Alternatively to creating a new DataFrame with the above cell, our existing DataFrame can be used:

In [12]:
KEGG_substrate_df = pd.read_pickle(datasets_dir + "KEGG_substrate_df.pkl")
KEGG_substrate_df.head()

Unnamed: 0,KEGG ID,substrate
0,C00001,H2O
1,C00001,Water
2,C00002,ATP
3,C00002,Adenosine 5'-triphosphate
4,C00003,NAD+


### (b) Mapping substrate names from BRENDA to KEGG Compound IDs (CIDs) with the DataFrame created/loaded in (a)

Converting all substrate names in KEGG_substrate_df and brenda_df to substrate names that only contain lower case letters:

In [13]:
KEGG_substrate_df["substrate"] = [name.lower() for name in KEGG_substrate_df["substrate"]]
brenda_df["substrate"] = [name.lower() for name in brenda_df["substrate"]]

Mapping substrate names from brenda_df to KEGG CIDs:

In [14]:
brenda_df = brenda_df.merge(KEGG_substrate_df, on = "substrate", how = "left")
print("For %s data points we could not map the substrate name to a KEGG Compound ID." % sum(pd.isnull(brenda_df["KEGG ID"])))

For 13798 data points we could not map the substrate name to a KEGG Compound ID.


###  (c) For all the substrate names that could not be mapped to KEGG CIDs yet: We try to map them with a synonym list from PubChem to PubChem CIDs first and then to KEGG CIDs

The synonym list from PubChem can be downloaded with the following link: ftp.ncbi.nlm.nih.gov/pubchem/Compound/Extras/CID-Synonym-filtered.gz and should be stored in the folder for datasets.
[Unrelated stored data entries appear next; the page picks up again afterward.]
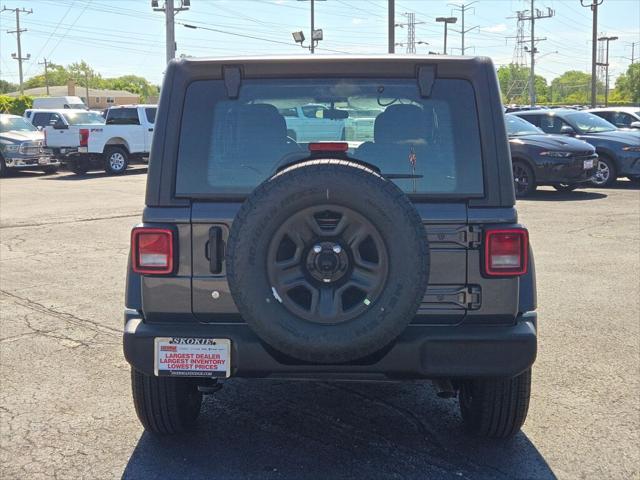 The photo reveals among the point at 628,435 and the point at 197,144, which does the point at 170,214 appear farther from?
the point at 628,435

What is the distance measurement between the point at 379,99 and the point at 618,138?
46.0 ft

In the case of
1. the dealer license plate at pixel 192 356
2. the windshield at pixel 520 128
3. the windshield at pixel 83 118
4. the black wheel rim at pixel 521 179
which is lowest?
the dealer license plate at pixel 192 356

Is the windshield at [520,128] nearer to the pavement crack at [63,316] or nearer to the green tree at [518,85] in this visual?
the pavement crack at [63,316]

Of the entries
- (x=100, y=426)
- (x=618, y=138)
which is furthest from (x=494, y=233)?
(x=618, y=138)

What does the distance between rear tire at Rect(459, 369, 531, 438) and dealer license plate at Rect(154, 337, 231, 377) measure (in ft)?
4.04

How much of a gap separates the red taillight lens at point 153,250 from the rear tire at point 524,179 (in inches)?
483

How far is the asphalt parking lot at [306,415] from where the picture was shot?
146 inches

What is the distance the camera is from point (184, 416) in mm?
3979

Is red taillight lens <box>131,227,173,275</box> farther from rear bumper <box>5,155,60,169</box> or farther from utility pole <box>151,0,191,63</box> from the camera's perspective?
utility pole <box>151,0,191,63</box>

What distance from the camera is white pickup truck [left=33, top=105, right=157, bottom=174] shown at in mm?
22125

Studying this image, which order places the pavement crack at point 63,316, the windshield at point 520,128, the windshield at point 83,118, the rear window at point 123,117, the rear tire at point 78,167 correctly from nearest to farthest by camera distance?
the pavement crack at point 63,316 → the windshield at point 520,128 → the rear tire at point 78,167 → the rear window at point 123,117 → the windshield at point 83,118

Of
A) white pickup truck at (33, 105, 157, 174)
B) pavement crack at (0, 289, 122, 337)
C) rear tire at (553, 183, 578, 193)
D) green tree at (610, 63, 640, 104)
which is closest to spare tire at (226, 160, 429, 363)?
pavement crack at (0, 289, 122, 337)

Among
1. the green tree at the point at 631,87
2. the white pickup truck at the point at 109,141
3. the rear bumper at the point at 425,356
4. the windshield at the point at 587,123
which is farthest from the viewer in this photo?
the green tree at the point at 631,87

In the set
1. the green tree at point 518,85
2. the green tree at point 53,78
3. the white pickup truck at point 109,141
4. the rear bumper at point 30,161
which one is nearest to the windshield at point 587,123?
the white pickup truck at point 109,141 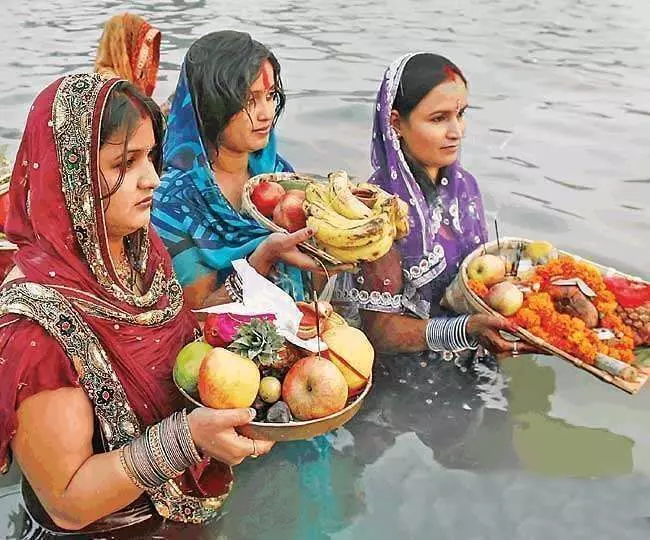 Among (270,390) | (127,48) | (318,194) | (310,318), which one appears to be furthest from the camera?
(127,48)

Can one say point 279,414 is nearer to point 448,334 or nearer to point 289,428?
point 289,428

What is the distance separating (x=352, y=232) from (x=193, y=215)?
2.88 feet

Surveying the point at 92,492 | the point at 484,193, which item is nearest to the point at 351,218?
the point at 92,492

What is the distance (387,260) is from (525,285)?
0.61 meters

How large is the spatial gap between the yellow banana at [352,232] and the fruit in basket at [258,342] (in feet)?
2.62

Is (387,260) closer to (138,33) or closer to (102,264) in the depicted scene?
(102,264)

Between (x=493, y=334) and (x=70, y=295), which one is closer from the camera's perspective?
(x=70, y=295)

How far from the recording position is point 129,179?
2297mm

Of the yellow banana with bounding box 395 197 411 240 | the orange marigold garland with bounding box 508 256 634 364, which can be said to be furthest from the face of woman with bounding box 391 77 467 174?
the orange marigold garland with bounding box 508 256 634 364

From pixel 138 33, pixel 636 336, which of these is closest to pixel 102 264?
pixel 636 336

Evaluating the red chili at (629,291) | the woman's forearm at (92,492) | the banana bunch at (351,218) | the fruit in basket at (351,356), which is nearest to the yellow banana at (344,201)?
the banana bunch at (351,218)

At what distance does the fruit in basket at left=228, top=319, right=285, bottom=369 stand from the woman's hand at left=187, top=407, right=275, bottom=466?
18 cm

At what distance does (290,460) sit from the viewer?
345cm

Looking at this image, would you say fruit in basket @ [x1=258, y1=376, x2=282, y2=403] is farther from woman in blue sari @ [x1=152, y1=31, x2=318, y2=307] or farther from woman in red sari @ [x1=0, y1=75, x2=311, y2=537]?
woman in blue sari @ [x1=152, y1=31, x2=318, y2=307] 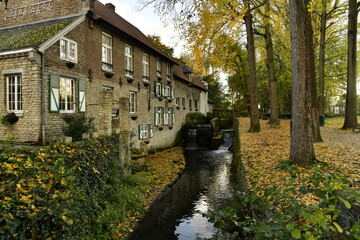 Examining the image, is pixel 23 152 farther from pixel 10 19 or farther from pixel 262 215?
pixel 10 19

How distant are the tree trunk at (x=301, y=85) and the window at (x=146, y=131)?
1129 cm

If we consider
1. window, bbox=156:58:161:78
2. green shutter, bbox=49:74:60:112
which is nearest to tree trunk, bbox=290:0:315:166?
green shutter, bbox=49:74:60:112

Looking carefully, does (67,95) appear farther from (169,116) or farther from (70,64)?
(169,116)

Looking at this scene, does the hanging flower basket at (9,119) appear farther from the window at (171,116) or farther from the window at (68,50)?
the window at (171,116)

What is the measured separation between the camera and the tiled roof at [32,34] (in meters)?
9.60

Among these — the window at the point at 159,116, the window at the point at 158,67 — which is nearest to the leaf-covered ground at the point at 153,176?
the window at the point at 159,116

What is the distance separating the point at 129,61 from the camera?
1527 cm

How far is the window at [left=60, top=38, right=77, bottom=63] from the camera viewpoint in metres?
10.1

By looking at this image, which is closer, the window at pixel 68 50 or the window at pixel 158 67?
the window at pixel 68 50

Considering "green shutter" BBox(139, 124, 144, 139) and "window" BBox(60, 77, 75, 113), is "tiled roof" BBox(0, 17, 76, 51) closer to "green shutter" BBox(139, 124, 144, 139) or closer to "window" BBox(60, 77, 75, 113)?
"window" BBox(60, 77, 75, 113)

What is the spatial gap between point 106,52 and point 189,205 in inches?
369

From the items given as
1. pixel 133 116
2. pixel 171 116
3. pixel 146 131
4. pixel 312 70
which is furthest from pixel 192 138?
pixel 312 70

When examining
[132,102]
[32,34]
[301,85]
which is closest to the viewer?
[301,85]

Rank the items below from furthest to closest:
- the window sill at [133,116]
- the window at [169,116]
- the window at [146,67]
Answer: the window at [169,116] < the window at [146,67] < the window sill at [133,116] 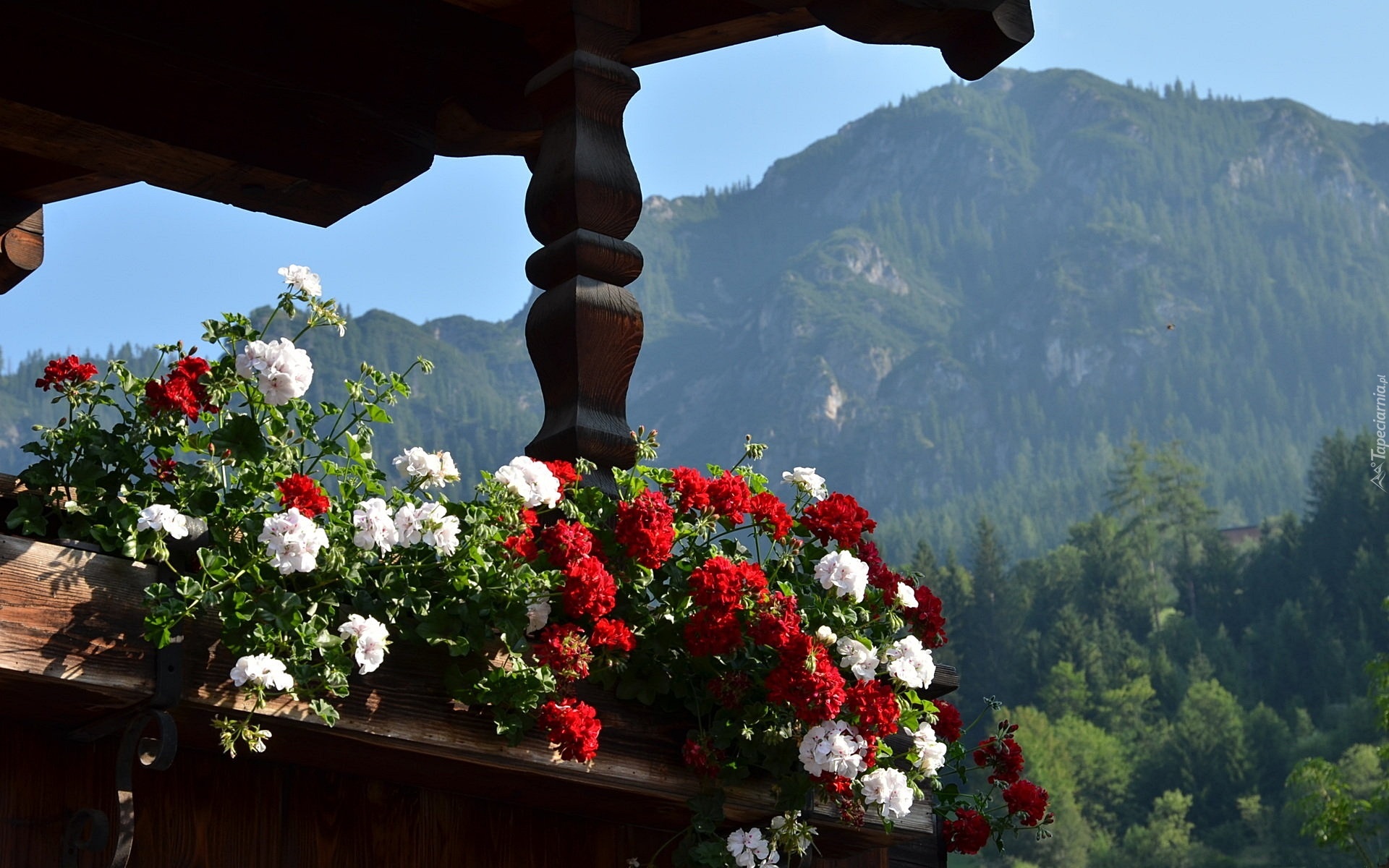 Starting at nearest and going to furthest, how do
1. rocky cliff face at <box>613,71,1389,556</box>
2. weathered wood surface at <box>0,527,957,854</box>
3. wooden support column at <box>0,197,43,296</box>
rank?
weathered wood surface at <box>0,527,957,854</box> → wooden support column at <box>0,197,43,296</box> → rocky cliff face at <box>613,71,1389,556</box>

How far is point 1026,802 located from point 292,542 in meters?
2.25

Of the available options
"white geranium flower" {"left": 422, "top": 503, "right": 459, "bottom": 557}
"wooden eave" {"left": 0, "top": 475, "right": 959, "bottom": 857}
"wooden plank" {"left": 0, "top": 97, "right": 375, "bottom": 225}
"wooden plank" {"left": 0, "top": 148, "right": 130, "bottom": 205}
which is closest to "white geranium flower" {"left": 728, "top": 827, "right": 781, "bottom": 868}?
"wooden eave" {"left": 0, "top": 475, "right": 959, "bottom": 857}

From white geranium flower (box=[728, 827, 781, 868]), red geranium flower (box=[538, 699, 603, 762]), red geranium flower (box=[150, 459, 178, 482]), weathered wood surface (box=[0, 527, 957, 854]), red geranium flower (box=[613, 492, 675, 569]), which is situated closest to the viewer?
weathered wood surface (box=[0, 527, 957, 854])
We split this list with over 12 million entries in five parts because as a single file it is too big to be stored in our RAM:

In [15]:
#divivde synonym database in 5 diffeerent databases
for k in range(5):
    count = 0
    cid = []
    substrates = []
    with open(datasets_dir + "/CID-Synonym-filtered") as infile:
        if count % 10**6 == 0:
        for line in infile:
            count +=1
            if not (count < (k+1)*25632777 and count >=  k*25632777): 
                None
            else:
                line = line.split("\t")
                cid.append(line[0])
                substrates.append(line[1].lower()[0:-1])
                
    df = pd.DataFrame(data = {"substrates": substrates, "CID" :cid})
    df.to_pickle("./substrates_synonyms_part"+str(k)+".pkl")
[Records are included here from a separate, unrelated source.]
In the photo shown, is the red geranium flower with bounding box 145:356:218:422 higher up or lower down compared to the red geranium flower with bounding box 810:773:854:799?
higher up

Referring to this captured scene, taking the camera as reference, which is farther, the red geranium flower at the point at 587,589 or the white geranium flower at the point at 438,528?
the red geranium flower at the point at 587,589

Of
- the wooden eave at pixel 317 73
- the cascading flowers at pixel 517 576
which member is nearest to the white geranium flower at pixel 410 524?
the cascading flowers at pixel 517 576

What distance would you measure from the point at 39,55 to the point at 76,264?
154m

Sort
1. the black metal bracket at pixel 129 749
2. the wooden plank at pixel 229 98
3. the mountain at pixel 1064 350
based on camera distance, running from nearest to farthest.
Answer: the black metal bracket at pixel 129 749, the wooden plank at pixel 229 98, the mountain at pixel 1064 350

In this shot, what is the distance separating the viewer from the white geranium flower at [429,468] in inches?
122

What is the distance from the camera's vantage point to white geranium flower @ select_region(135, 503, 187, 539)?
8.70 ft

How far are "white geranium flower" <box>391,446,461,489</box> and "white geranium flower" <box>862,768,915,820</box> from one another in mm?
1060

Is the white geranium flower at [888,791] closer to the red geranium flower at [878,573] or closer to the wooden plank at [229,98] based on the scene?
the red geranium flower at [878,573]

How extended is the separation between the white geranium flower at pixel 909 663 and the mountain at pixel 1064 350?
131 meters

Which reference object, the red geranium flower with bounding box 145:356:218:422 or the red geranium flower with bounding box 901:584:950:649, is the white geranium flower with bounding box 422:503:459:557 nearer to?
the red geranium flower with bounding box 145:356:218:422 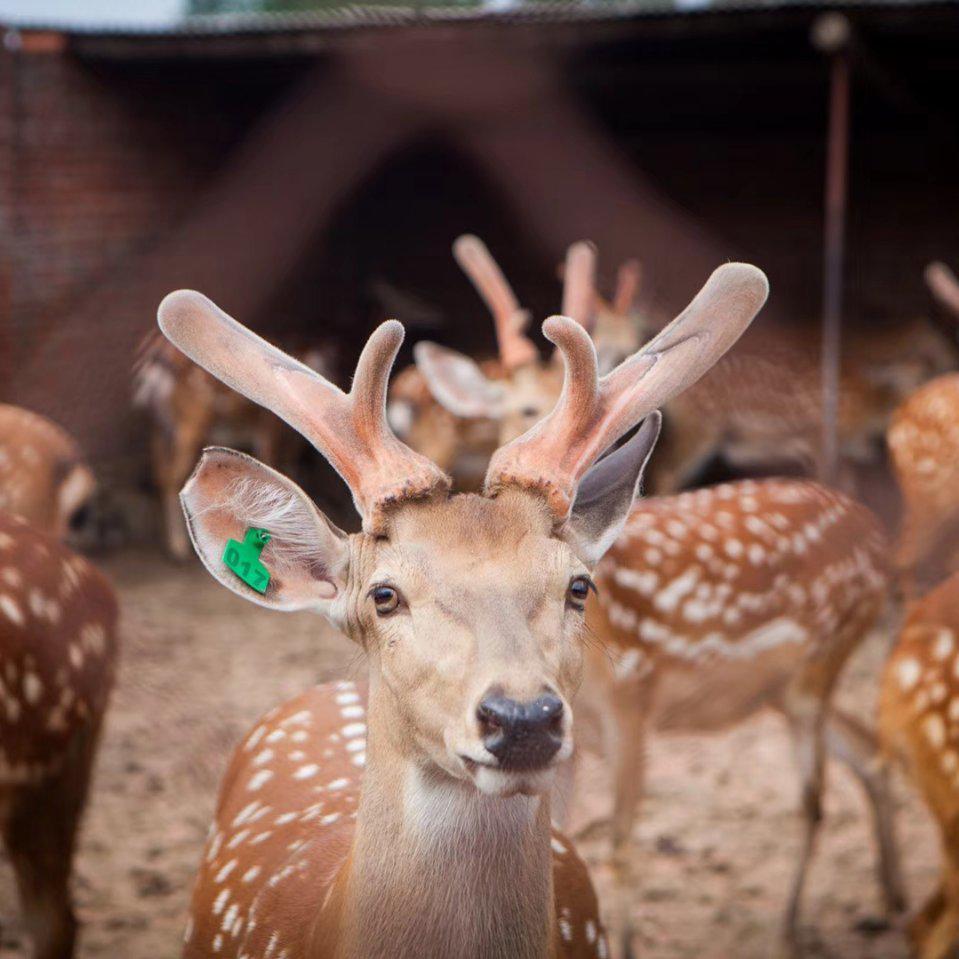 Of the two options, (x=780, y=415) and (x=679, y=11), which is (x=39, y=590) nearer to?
(x=679, y=11)

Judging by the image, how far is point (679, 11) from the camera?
6.36m

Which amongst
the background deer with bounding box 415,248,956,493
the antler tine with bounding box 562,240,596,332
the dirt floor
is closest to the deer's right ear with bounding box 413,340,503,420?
the antler tine with bounding box 562,240,596,332

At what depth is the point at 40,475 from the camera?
469 cm

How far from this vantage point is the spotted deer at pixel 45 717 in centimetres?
285

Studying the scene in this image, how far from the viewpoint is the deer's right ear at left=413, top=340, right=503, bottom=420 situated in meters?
4.14

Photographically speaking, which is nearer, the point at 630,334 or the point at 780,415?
the point at 630,334

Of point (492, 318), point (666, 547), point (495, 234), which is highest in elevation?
point (495, 234)

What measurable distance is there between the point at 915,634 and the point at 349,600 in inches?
70.8

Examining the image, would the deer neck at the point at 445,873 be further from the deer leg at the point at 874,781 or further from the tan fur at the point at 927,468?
the tan fur at the point at 927,468

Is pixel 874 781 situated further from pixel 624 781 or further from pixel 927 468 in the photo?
pixel 927 468

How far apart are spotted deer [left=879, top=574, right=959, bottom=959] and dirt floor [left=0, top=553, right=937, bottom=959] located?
0.63 m

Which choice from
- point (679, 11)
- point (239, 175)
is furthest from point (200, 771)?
point (239, 175)

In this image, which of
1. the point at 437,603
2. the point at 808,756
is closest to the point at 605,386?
the point at 437,603

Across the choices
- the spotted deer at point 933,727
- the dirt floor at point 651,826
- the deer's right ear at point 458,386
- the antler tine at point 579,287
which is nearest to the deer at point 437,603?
the spotted deer at point 933,727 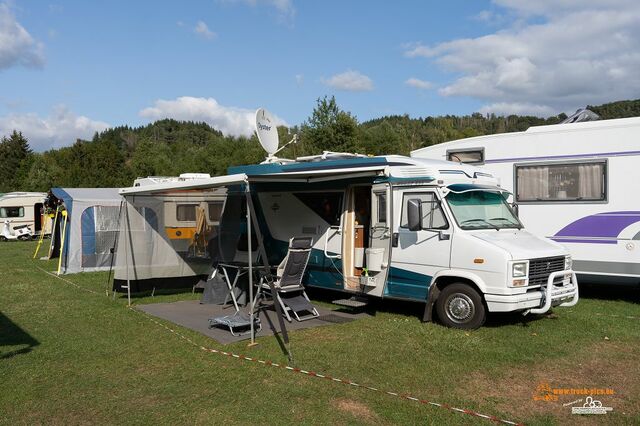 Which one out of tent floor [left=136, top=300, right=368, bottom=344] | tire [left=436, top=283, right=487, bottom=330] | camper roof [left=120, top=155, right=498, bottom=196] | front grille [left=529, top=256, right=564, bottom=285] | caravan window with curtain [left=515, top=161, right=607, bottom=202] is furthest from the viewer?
caravan window with curtain [left=515, top=161, right=607, bottom=202]

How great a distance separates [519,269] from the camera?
752 centimetres

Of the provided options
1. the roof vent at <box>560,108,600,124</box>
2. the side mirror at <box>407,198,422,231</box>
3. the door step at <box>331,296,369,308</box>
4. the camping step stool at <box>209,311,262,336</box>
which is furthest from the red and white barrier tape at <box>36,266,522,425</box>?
the roof vent at <box>560,108,600,124</box>

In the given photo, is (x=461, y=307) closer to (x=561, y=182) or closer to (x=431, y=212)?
(x=431, y=212)

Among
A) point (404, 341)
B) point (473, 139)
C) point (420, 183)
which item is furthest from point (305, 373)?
point (473, 139)

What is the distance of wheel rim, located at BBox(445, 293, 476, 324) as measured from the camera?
790cm

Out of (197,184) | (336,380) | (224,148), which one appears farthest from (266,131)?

Mapping all substrate names without a KEGG CID to PubChem CIDs:

In [16]:
#creating a list with all substrate names that couldn't be mapped to KEGG IDs
unmapped_substrates = list(set(list(brenda_df["substrate"][pd.isnull(list(brenda_df["KEGG ID"]))])))
matches = substrate_names_to_Pubchem_CIDs(unmapped_substrates)
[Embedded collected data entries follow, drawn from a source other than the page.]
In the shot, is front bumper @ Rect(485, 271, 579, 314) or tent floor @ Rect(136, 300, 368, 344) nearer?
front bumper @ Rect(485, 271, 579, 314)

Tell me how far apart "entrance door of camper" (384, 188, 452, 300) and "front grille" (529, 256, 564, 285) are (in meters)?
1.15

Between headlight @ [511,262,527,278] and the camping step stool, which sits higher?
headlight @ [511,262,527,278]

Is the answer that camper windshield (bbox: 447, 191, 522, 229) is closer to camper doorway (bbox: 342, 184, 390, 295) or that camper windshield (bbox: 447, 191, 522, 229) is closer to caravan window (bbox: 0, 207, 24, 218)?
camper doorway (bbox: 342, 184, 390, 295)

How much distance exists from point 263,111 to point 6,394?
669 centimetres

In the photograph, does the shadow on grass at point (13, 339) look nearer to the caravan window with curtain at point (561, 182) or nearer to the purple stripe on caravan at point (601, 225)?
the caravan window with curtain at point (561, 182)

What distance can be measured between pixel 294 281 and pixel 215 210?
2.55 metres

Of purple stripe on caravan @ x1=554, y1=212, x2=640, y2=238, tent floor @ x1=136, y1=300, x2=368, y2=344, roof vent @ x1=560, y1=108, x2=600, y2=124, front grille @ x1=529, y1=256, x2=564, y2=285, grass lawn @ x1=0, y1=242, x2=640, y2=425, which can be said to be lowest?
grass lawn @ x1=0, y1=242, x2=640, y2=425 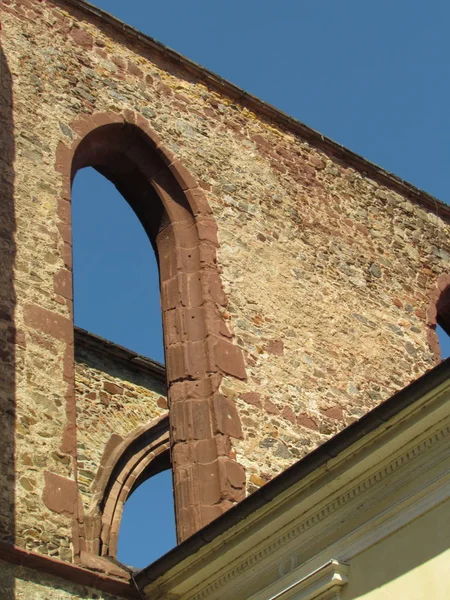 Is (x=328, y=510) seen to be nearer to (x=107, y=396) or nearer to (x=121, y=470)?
(x=121, y=470)

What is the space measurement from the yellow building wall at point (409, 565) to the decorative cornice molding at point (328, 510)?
34 cm

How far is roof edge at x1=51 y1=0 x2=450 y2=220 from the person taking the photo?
34.7 ft

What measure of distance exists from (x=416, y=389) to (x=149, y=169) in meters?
4.35

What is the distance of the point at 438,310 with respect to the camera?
11875 millimetres

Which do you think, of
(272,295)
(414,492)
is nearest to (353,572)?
Answer: (414,492)

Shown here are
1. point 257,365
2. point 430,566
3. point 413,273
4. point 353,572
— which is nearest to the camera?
point 430,566

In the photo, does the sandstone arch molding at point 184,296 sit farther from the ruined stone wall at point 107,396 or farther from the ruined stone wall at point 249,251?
the ruined stone wall at point 107,396

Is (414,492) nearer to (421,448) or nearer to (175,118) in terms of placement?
(421,448)

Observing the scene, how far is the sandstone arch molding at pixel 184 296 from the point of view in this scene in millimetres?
8422

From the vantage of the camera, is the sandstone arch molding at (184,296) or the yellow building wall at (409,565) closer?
the yellow building wall at (409,565)

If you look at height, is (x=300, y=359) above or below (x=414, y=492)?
above

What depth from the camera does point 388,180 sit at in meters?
12.1

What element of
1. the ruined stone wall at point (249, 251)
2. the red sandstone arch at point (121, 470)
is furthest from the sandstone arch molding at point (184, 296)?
the red sandstone arch at point (121, 470)

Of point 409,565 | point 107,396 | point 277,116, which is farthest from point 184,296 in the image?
point 107,396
loading part 1 of 5 of the synonym list...
searching in synoynm list part 1 for matches
loading part 2 of 5 of the synonym list...
searching in synoynm list part 2 for matches
loading part 3 of 5 of the synonym list...
searching in synoynm list part 3 for matches
loading part 4 of 5 of the synonym list...
searching in synoynm list part 4 for matches
loading part 5 of 5 of the synonym list...
searching in synoynm list part 5 for matches


Mapping all PubChem CIDs to KEGG CIDs: Therefore, we create a txt-file ("Pubchem_CIDs.txt") that contains all PubChem CIDs that we want to map to KEGG CIDs:

In [17]:
#convert CIDs from strings to integers:
for ind in matches.index:
    cid = matches.loc[ind]["CID"]
    if not pd.isnull(cid):
        matches["CID"][ind] = int(cid)
        
        
#create txt file with all CIDs in matches:
CIDs = list(matches.loc[~ pd.isnull(matches["CID"])]["CID"])
f = open(datasets_dir + "Pubchem_CIDs.txt","w") 
for cid in CIDs:
    f.write(str(cid) + "\n")
f.close()

The txt-file "Pubchem_CIDs.txt" can be used as the input for the webservice http://csbg.cnb.csic.es/mbrole2/conversion.php to map the Pubchem CIDs to KEGG CIDs. The resulting file "mbrole_conversion.tsv" should be stored in the directory for datasets.

In [22]:
macthes_with_KEGG_IDs

Unnamed: 0,Metabolite,CID,Input_source,KEGG ID,Output_source
0,"n,2-diphenylacetamide",225533,,,
1,7-ethyl-10-(4-(1-piperidino)-1-piperidino)carb...,,,,
2,"n-acetyl-s-(e,e)-farnesyl-d-cysteine",129661286,,,
3,(s)-2-aminophenylacetamide,,,,
4,(2s)-methylmalonyl-coenzyme a,,,,
...,...,...,...,...,...
7102,(s)-propanolol,,,,
7103,"5,10-methylene-5,6,7,8-tetrahydrofolic acid",,,,
7104,unmodified e. coli trna1val,,,,
7105,dansyl-gngn,,,,


In [23]:
#load the resulting file and store it in a DataFrame:
Pubchem_CID_to_KEGG_df = pd.read_csv(datasets_dir + "mbrole_conversion.tsv", sep= "\t")
#rename columns:
Pubchem_CID_to_KEGG_df.rename(columns = {"Input" : "CID", "Output" : "KEGG ID"}, inplace = True)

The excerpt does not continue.